Stock Selection Simplified
You Can Beat the Market. Most Investors Just Never Build the System That Lets Them.
The complete process for picking individual stocks, valuing them with simple math, and managing your entries and exits. Built to outperform the market over the long run without consuming your life.
Follow patterns. Not predictions.
THE GAME YOU CAN ACTUALLY WIN
You already know how to automatically save and invest, buy index funds, dollar cost average, and hold for the long term. You're ahead of most people, earning benchmark returns and letting compound interest do its work on the road to financial freedom.
This guide is about what comes next.
How to beat the market and earn above-benchmark returns by picking individual stocks using a repeatable system instead of guesswork, gut feelings, or whatever CNBC is promoting today.
That doesn't mean selling your index funds and going all-in on individual names. Most of the time there aren't enough quality opportunities available, companies worth owning that are also trading at attractive prices. Instead, use index funds as the foundation of your portfolio and add concentrated individual positions when the right opportunities appear.
Beat the market by first being in the market, then selectively beating the benchmark.
That's how I built my own portfolio. The index fund foundation did most of the early compounding while I was learning. My framework for individual positions is what I added on top, to earn above benchmark returns on the positions where I could find good companies at the right price. This guide is about that second layer – the part most investors are missing while the first layer keeps doing its work in the background.

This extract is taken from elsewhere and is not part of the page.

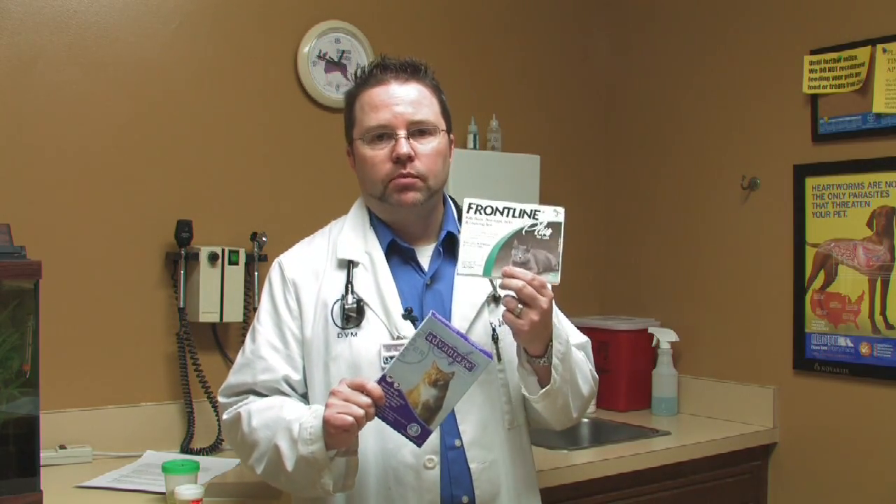Advantage kills fleas, whereas a product like Frontline Plus has an IGR, or insect growth regulator, in it. Insect growth regulators prevent flea eggs from hatching, so you get the added benefit of breaking the flea life cycle within your home. If you have multiple cats, it is best — if you have any flea problem — to treat all of them, and also to treat your cats that go outside.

You've likely been told that beating the market by stock picking isn't possible. Or that if it is, you need to hire a professional and pay their fees to make it happen. Yet the data overwhelmingly shows that most professional money managers don't outperform index funds over any meaningful time horizon. If the experts can't do it, regular people surely can't either, right?
Wrong – and not for the reason you'd expect.
Professionals have constraints: forced diversification, committee approval, career risk, and redemption pressure that forces them to sell at exactly the wrong time. You face none of that. You can take concentrated positions and be patient when the market panics. You can act fast when opportunities appear without asking anyone's permission.
But having the structural edge isn't enough. Most individual investors still underperform, and the reason has nothing to do with stock picking being too complicated. They're playing without a process, and every buy and sell decision runs through emotional filters they don't even recognize.
Most individuals can beat the market, but they won’t, because they never build the behavioral systems to get out of their own way.
This guide gives you those systems.
WHAT THIS IS COSTING YOU IN REAL MONEY
The behavioral patterns aren't theoretical. Researchers have documented for decades that individual investors are roughly 60% more likely to sell a winning position than a losing one. That single bias, called the disposition effect, drags annual returns by about 4.4%. It's been measured across tens of thousands of brokerage accounts in multiple countries. The pattern is wired into how human brains process unrealized gains and losses, which is why willpower alone doesn't fix it.
Compounded over 30 years, that 4.4% gap is the difference between $100,000 growing into roughly $1.5 million versus growing into $440,000. Over a million dollars of difference, sitting in the gap between what you know to do and what you actually do in the moment.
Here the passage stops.